UnicodeDecodeError when extracting comments from a web page using lxml and xpath

Question

Hi I am trying to extract comments on a web page using lxml and xpath. Here is my code:

pg = requests.get('https://www.makeupalley.com/product/showreview.asp/ItemId=164662/Sublime-Skin-BB-Cream-6-in-1/Yves-Rocher/BB-Cream', timeout=30)
tr_pg = html.fromstring(pg.content)

cm_pg = tr_pg.xpath('//p[@class="break-word"]/text()')
for cm in cm_pg:
    print cm

I got this error

Traceback (most recent call last):
  File "/Users/ghozan/PycharmProjects/MakeupAlley/main.py", line 22, in <module>
    process_page('/product/showreview.asp/ItemId=164662/Sublime-Skin-BB-Cream-6-in-1/Yves-Rocher/BB-Cream')
  File "/Users/ghozan/PycharmProjects/MakeupAlley/main.py", line 10, in process_page
    cm_pg = tr_pg.xpath('//p[@class="break-word"]/text()')
  File "src/lxml/lxml.etree.pyx", line 1587, in lxml.etree._Element.xpath (src/lxml/lxml.etree.c:57884)
  File "src/lxml/xpath.pxi", line 307, in lxml.etree.XPathElementEvaluator.__call__ (src/lxml/lxml.etree.c:166905)
  File "src/lxml/xpath.pxi", line 230, in lxml.etree._XPathEvaluatorBase._handle_result (src/lxml/lxml.etree.c:165893)
  File "src/lxml/extensions.pxi", line 623, in lxml.etree._unwrapXPathObject (src/lxml/lxml.etree.c:160088)
  File "src/lxml/extensions.pxi", line 657, in lxml.etree._createNodeSetResult (src/lxml/lxml.etree.c:160529)
  File "src/lxml/extensions.pxi", line 678, in lxml.etree._unpackNodeSetEntry (src/lxml/lxml.etree.c:160740)
  File "src/lxml/extensions.pxi", line 804, in lxml.etree._buildElementStringResult (src/lxml/lxml.etree.c:162214)
  File "src/lxml/apihelpers.pxi", line 1417, in lxml.etree.funicode (src/lxml/lxml.etree.c:29944)
UnicodeDecodeError: 'utf8' codec can't decode byte 0xe0 in position 615: invalid continuation byte

I know that there is an invalid character in the comments. How do I solve this?

Answer 1

Can you ask Requests to attempt to decode it for you? Use response.text (a string) rather than response.content (bytes).
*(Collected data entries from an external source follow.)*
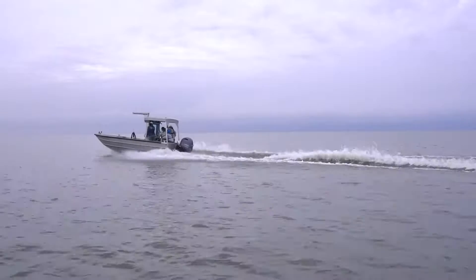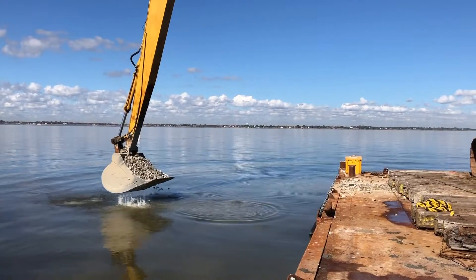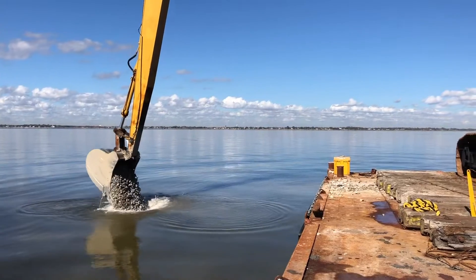The Nature Conservancy, the Texas Parks and Wildlife Department, and the Galveston Bay Foundation partnered together to construct 40 acres of new oyster reef in Trinity Bay. You'll see the construction of this reef with new limestone being placed into the bay.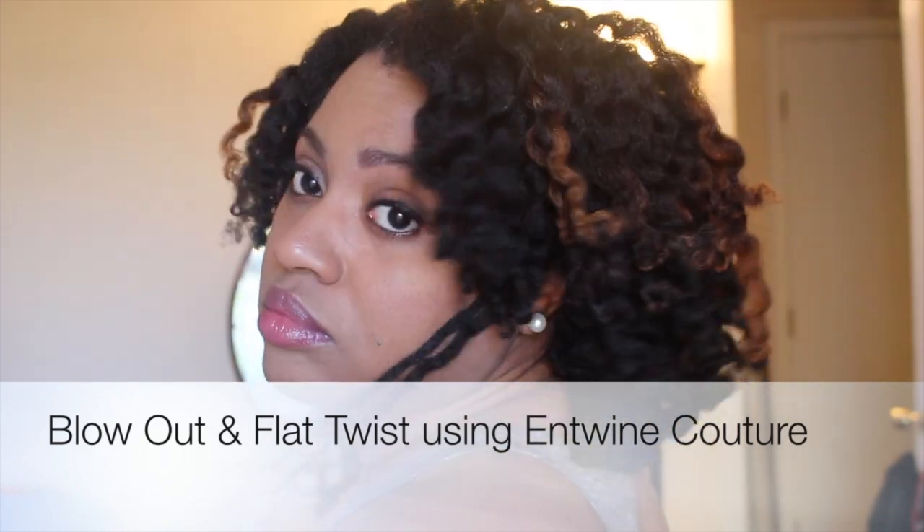Hey Naturally Glam fam, it's your girl Jonna and I'm back with another style tutorial using Entwine Couture products. Stay tuned to see how I achieve this look.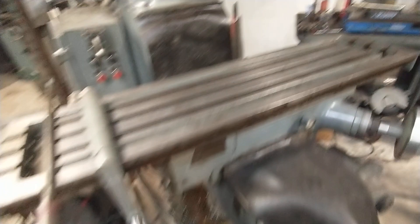Anyway, that's everything I can think of on this machine. There it is — Gorton 122 Trace Master slash Mill Master.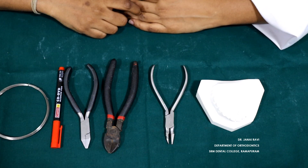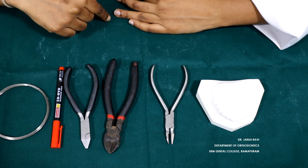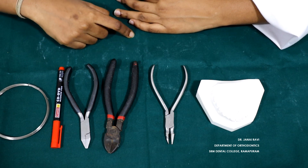We are going to see the demonstration of single cantilever springs. These are the armamentariums that will be required: 23 gauge wire, a marker, an Adams plier, heavy wire cutter, and a universal plier.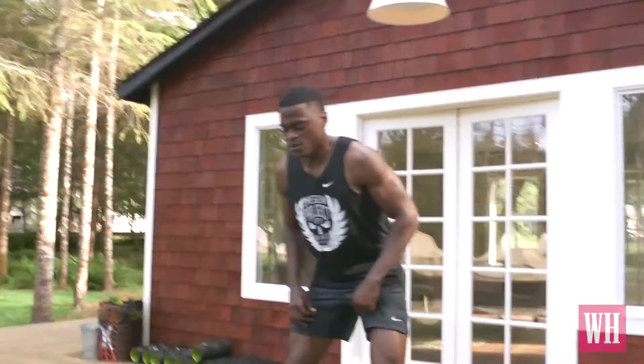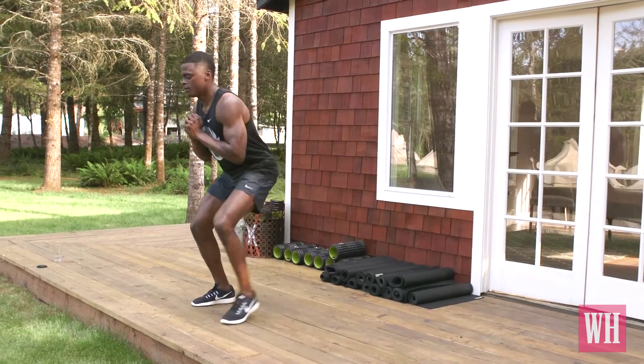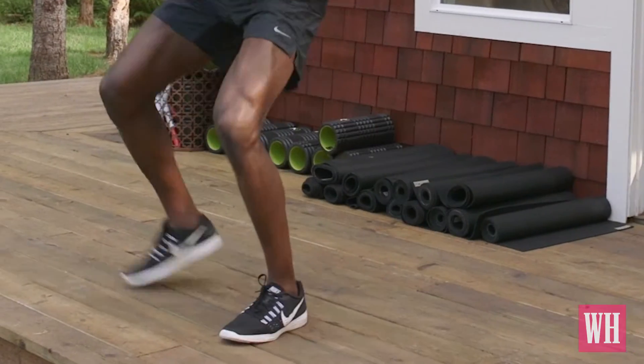To do some lateral work, you can do side steps. You can add a band for extra resistance, and that will help you a lot and also help prevent overpronation when you run.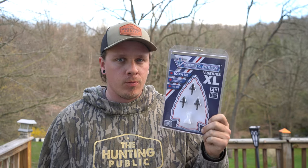Welcome back everybody to another video. Today we're doing something a little different — I've never done one of these before, but we're going to do a broadhead review and we're going to be reviewing Tooth of the Arrow broadheads.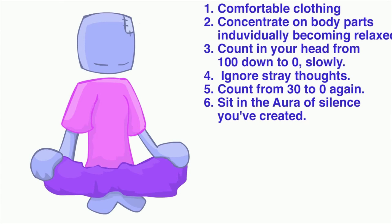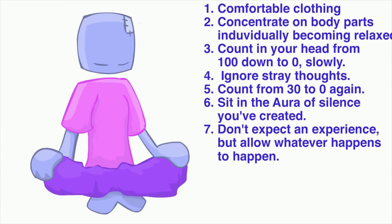By this time, your mind should be at peace and you might even have an experience. Don't expect anything though. Just allow whatever happens to happen. Be in the I am.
The encoding of the source is probably something other than UTF-8, which your XPath library might be assuming. response.encoding is Requests best guess at what it is. Sometimes web servers/pages aren't configured to explicitly say what encoding they're using then all you can do is guess.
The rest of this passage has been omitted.